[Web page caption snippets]
.....

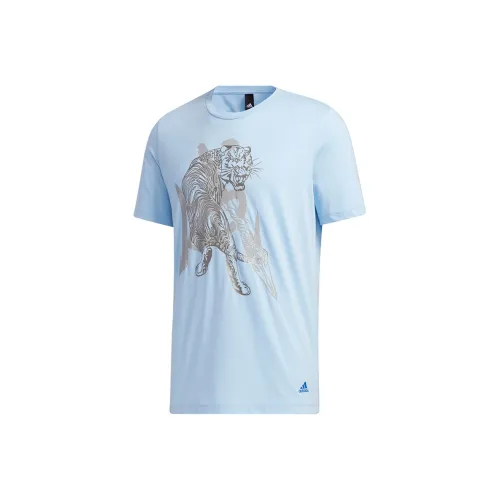 Adidas Wuji Series Blue Men's T-Shirts Adidas Wuji Series Синий Мужской Т-Рубашки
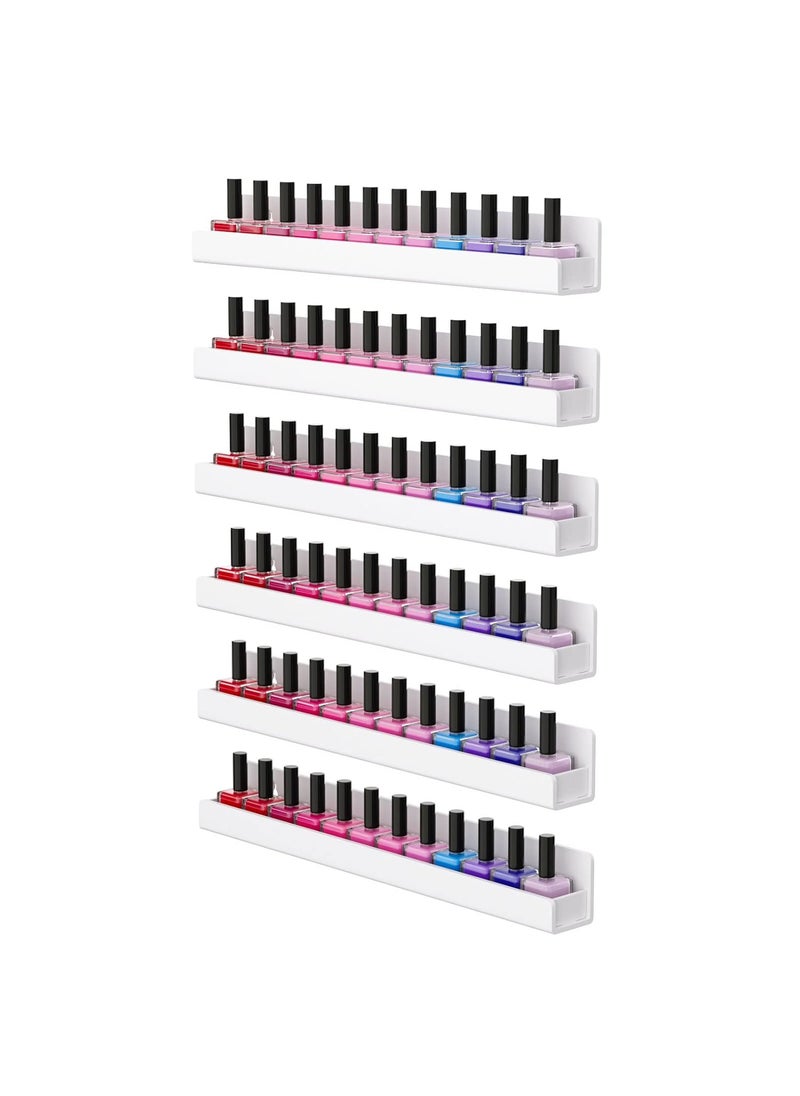 FEMELI - FEMELI Nail Polish Wall Rack: 6 Shelves 15 Inch White Acrylic Nail Polish Holder Organizer for 66-90 Bottles, Multi-Purpose Acrylic Floating Shelves (15 Inch, White) - Image 1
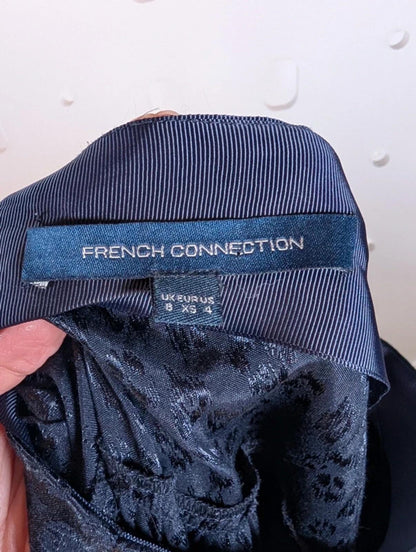 French Connection Navy Wrap Mini Skirt Asymmetric Hem UK 8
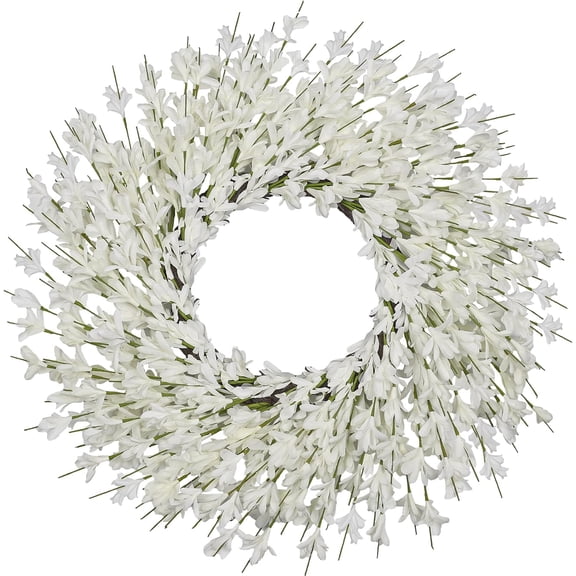 26" Spring Wreath for Front Door, Easter Valentines Wild Floral Summer Wreaths, Mantel Porch Wall Wedding Living Room Home All Season Decor (White-x)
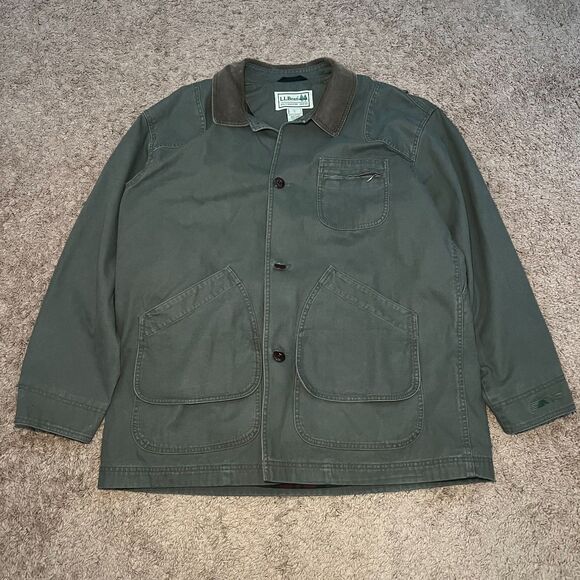 Vintage LL Bean Green Field Canvas Coat Mens Size XL Jacket Plaid Lined 0JV69 - Picture 1 of 7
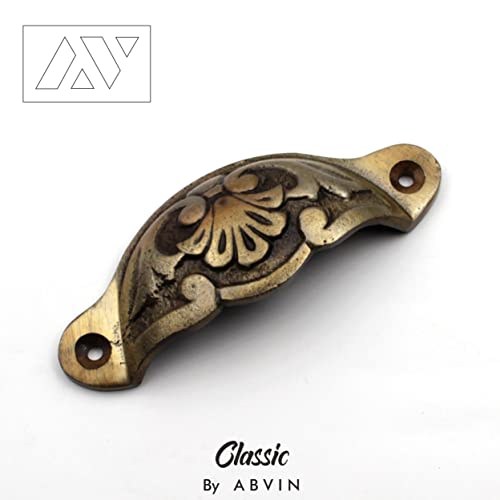 ABVIN Cup Carving Pulls Vintage Unique Cabinet Beautiful Drawer Decorative Dresser Knobs Pulls - Antique Finish - 1 Pcs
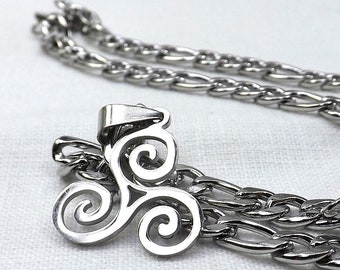 Stainless Steel bdsm jewelry, mature, Triskele jewelry, triskelion necklace, three spiral pendant, bdsm gift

.....

## Instructions for the task:
Without the pictures, copy the entries from their first line through the line containing "Vintage LL Bean", and only those lines.

## Output of the task:
 Adidas Wuji Series Blue Men's T-Shirts Adidas Wuji Series Синий Мужской Т-Рубашки
 FEMELI - FEMELI Nail Polish Wall Rack: 6 Shelves 15 Inch White Acrylic Nail Polish Holder Organizer for 66-90 Bottles, Multi-Purpose Acrylic Floating Shelves (15 Inch, White) - Image 1
 French Connection Navy Wrap Mini Skirt Asymmetric Hem UK 8
 26" Spring Wreath for Front Door, Easter Valentines Wild Floral Summer Wreaths, Mantel Porch Wall Wedding Living Room Home All Season Decor (White-x)
 Vintage LL Bean Green Field Canvas Coat Mens Size XL Jacket Plaid Lined 0JV69 - Picture 1 of 7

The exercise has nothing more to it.